── INFORMATION GIVEN ──
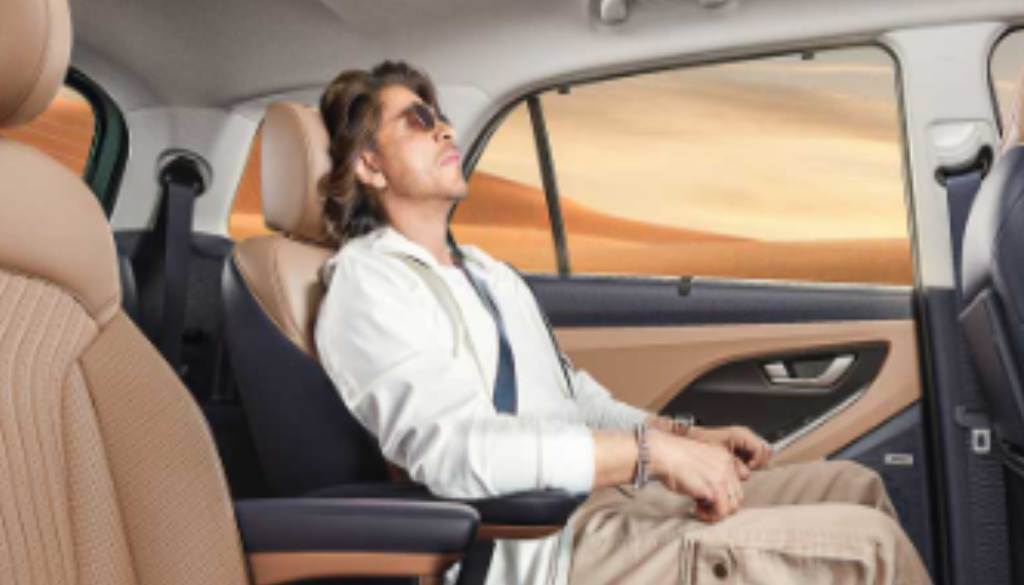_Shahrukh Khan Unveils Hyundai Alcazar Facelift’s Unique Features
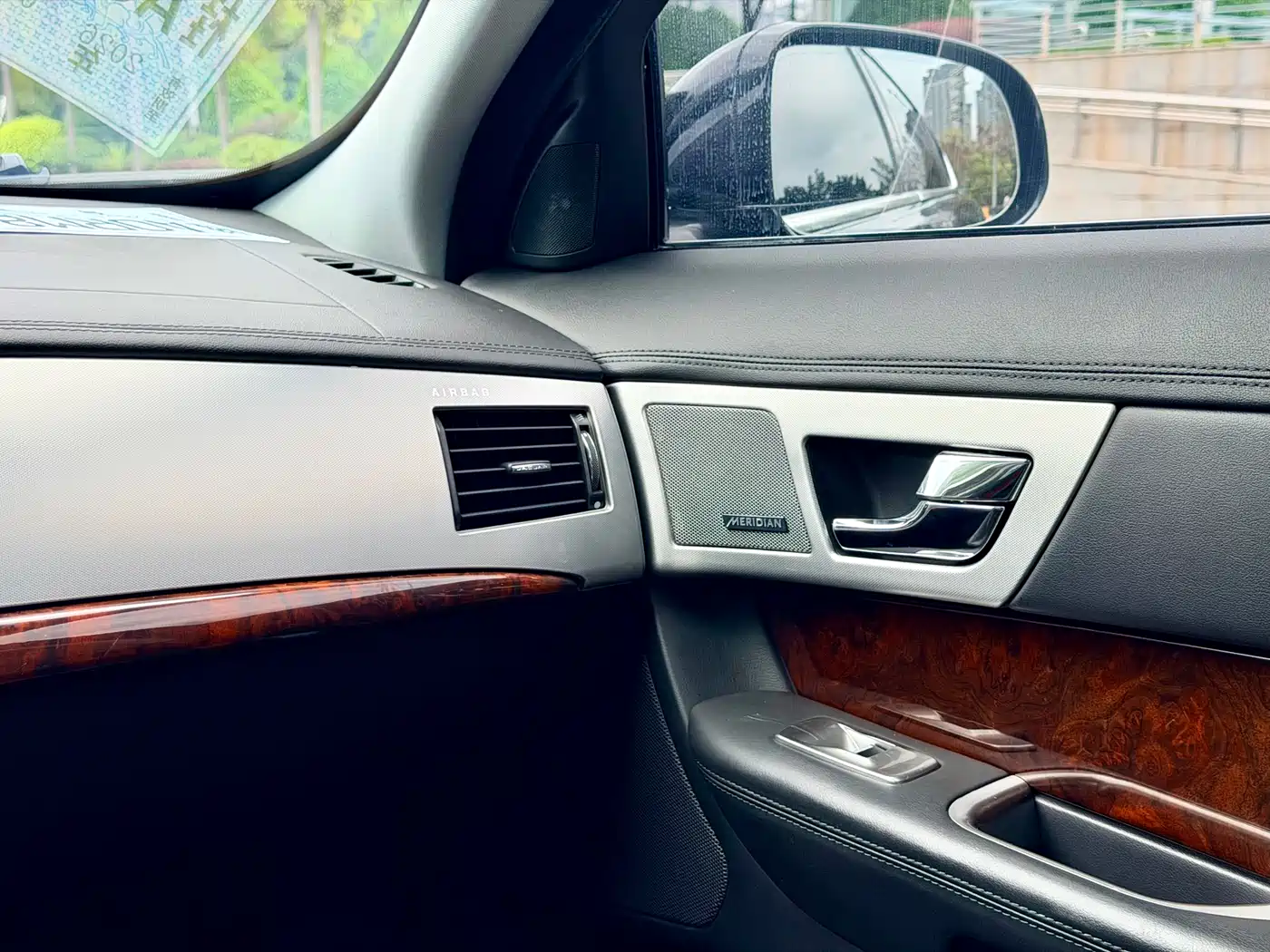 Jaguar XF 2014 2015 XF 2.0T Luxury Edition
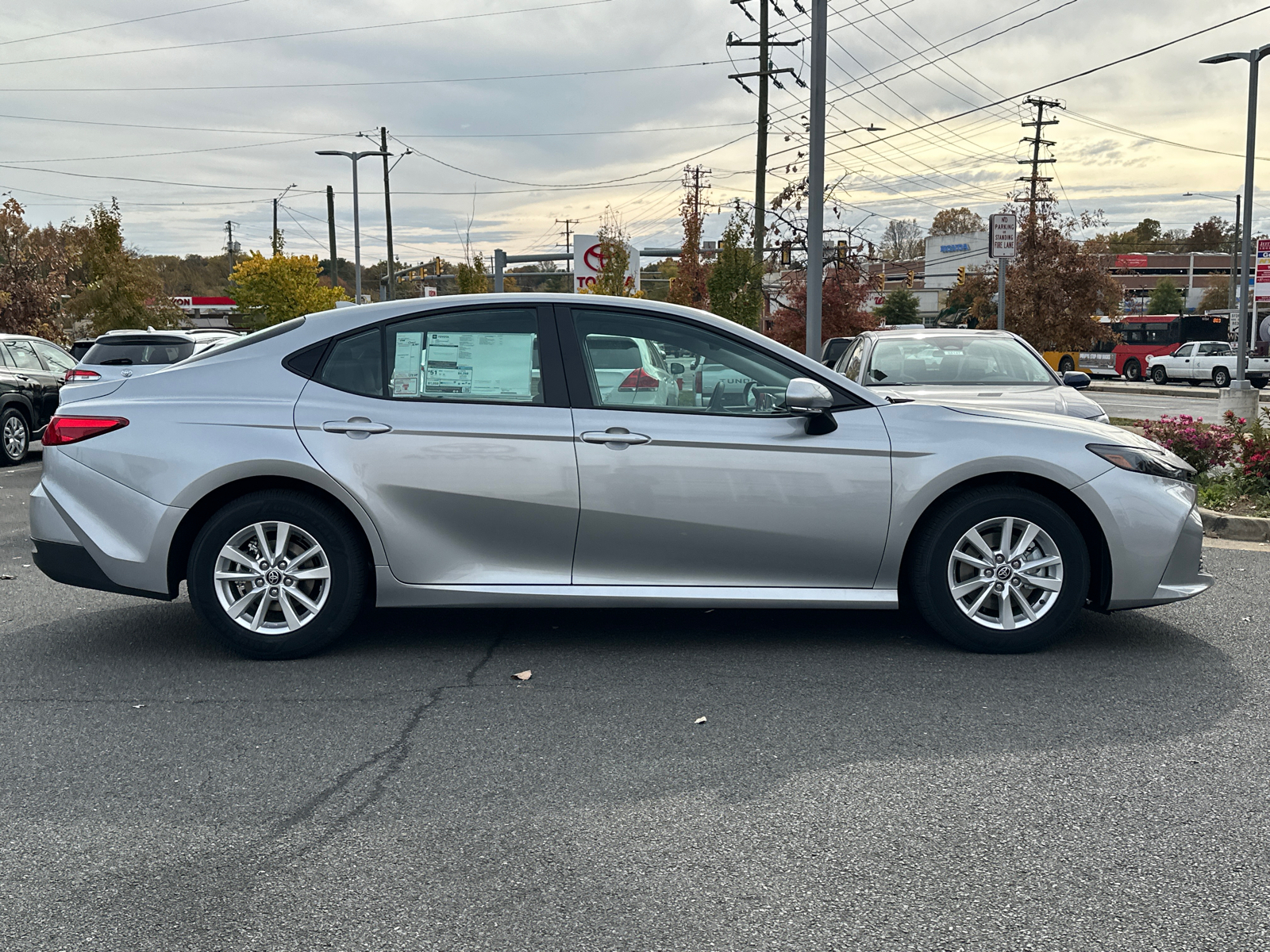 2025 Toyota Camry LE 2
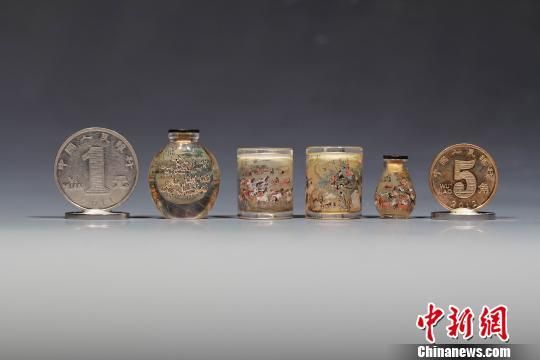 图为香港世界记录协会认证的“世界上最早的精微内画首饰组合”。姜文春考虑出售办校传承技艺。 崔志平 摄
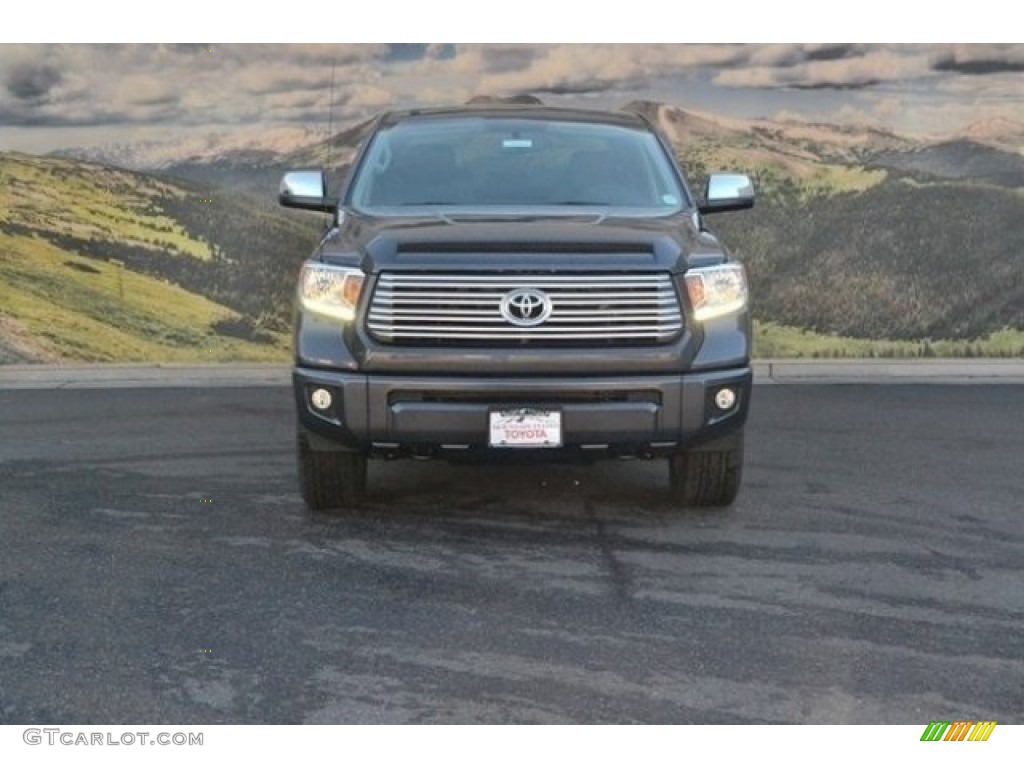 2017 Tundra Platinum CrewMax 4x4 - Magnetic Gray Metallic / Black photo #2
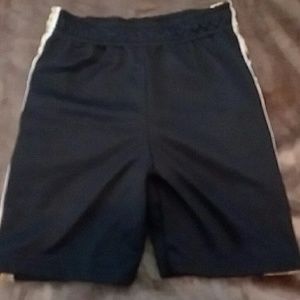 Boys size 5 shorts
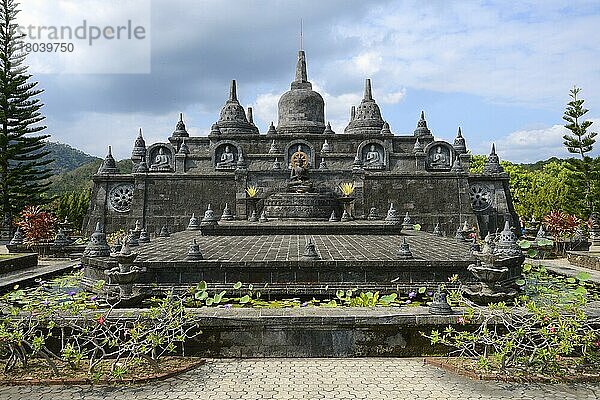Großer Altar  Außenbreich des buddhistischen Kloster Brahma Vihara  Banjar  Nordbali  Bali  Indonesien  Asien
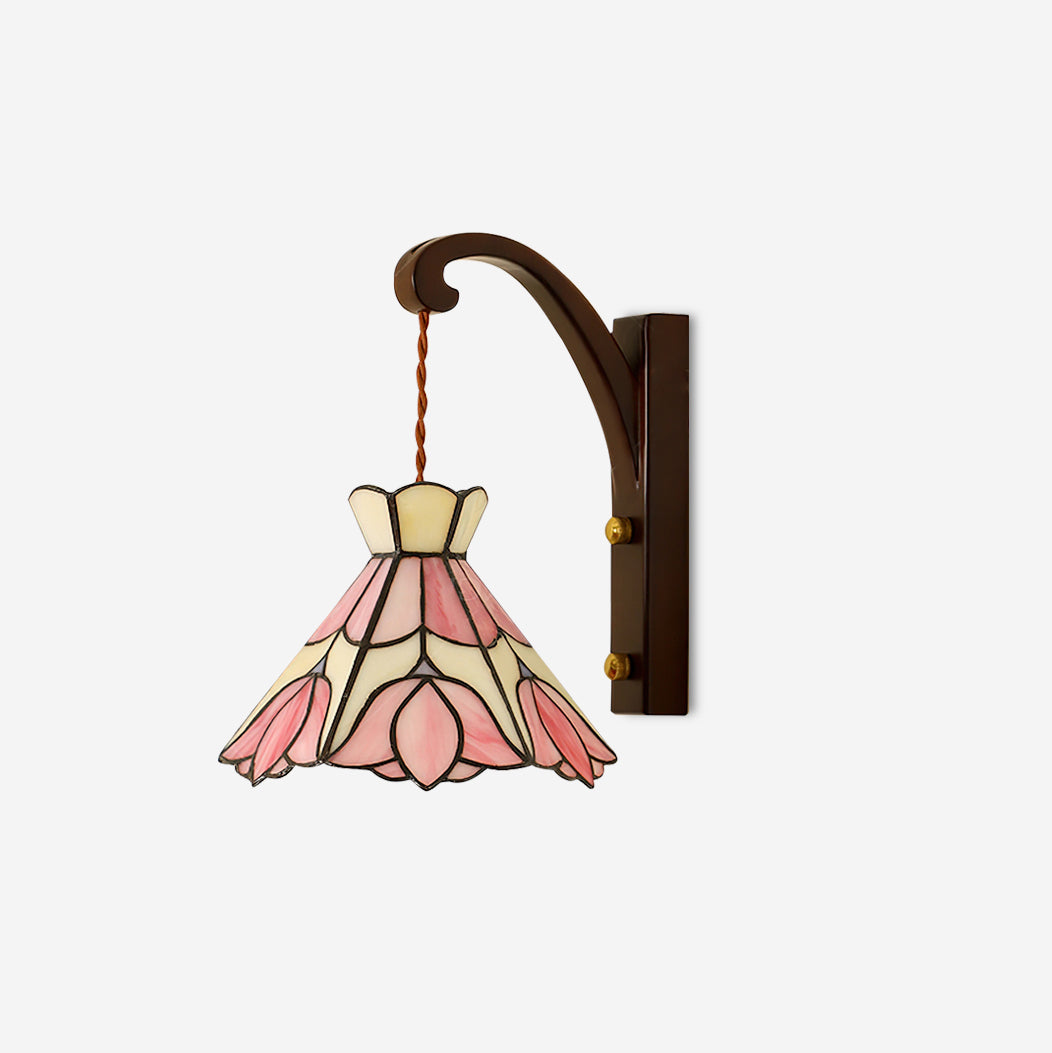 Candeeiro de parede com corpo de madeira e abat-jour de vidro Tiffany floral rosa, arte vintage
───
▶ [GOAL OF THE EXERCISE]
Set the entries down exactly, but not the pictures.

▶ [OUTPUT FOR THIS EXERCISE]
_Shahrukh Khan Unveils Hyundai Alcazar Facelift’s Unique Features
 Jaguar XF 2014 2015 XF 2.0T Luxury Edition
 2025 Toyota Camry LE 2
 图为香港世界记录协会认证的“世界上最早的精微内画首饰组合”。姜文春考虑出售办校传承技艺。 崔志平 摄
 2017 Tundra Platinum CrewMax 4x4 - Magnetic Gray Metallic / Black photo #2
 Boys size 5 shorts
Großer Altar  Außenbreich des buddhistischen Kloster Brahma Vihara  Banjar  Nordbali  Bali  Indonesien  Asien
 Candeeiro de parede com corpo de madeira e abat-jour de vidro Tiffany floral rosa, arte vintage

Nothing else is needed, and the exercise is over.